For Modcloth Vintage/Eco
Thank god for Modcloth’s Vintage and Eco Sections. I would hate to completely stop supporting a company whose marketing images are such a breath of fresh air in a fashion environment (sustainable or not) filled with underage and impossibly thin, largely white models.
So here’s my new strategy: I intend to be very, very picky when I peruse Modcloth’s website. They do have a vintage section. You can quickly join it using your Facebook login, and then shop the most sustainable way: resale. Resale does not involve abuses of labourers since these garments already exist in the world, and it is environmentally much more sound since nothing new is produced, and you’re buying something that would otherwise end up in the landfill.
However, I’m a little disappointed with the number of items available in the Vintage section. It’s a site that I’ll have to keep an eagle eye on, and snap up anything truly magnificent.

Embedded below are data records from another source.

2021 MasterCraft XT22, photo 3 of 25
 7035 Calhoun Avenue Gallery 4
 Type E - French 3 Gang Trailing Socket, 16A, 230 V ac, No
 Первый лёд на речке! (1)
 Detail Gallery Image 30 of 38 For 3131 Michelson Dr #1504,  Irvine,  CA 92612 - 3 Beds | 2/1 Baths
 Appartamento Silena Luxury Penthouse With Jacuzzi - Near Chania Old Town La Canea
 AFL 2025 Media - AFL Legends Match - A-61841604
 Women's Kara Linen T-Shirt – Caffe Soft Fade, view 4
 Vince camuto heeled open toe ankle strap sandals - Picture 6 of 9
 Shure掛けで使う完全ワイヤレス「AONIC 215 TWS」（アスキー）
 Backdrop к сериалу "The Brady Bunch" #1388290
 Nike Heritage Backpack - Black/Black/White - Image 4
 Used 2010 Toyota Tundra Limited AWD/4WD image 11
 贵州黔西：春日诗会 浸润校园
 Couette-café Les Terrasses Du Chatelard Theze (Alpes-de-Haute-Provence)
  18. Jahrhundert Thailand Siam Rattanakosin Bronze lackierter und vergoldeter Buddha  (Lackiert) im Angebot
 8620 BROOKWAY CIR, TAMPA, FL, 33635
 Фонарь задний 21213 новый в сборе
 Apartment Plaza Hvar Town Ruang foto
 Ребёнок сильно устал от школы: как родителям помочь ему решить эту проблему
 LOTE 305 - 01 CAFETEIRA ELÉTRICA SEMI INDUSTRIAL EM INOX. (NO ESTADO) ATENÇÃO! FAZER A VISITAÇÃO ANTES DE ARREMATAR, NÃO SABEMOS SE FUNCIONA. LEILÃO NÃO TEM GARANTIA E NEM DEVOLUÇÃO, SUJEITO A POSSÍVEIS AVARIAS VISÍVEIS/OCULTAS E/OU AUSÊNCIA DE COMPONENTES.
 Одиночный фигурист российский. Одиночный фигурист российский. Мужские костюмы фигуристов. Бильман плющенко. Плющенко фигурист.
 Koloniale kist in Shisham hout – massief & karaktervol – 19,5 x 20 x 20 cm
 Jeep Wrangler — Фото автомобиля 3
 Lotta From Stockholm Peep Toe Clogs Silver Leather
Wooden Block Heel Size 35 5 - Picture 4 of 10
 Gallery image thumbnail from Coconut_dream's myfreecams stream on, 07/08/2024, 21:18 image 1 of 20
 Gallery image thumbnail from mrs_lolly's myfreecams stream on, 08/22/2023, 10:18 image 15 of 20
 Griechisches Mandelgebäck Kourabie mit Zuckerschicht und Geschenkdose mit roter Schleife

Luckily, Modcloth also has an Eco-Friendly section. There’s a much widely selection here, and it’s true to Modcloth’s aesthetic of vintage-inspired. You can find garments from designers such as Mata Traders, producers of fair-trade fashions out of Chicago.
You also have the option on Modcloth to search by individual designer. And while I’m going to steer clear of ones such as Betsey Johnson, for which I can’t be sure of the garment’s provenance, I am definitely down with handmade goods from countries with fair labour laws, such as the bags from Brit-Stitch.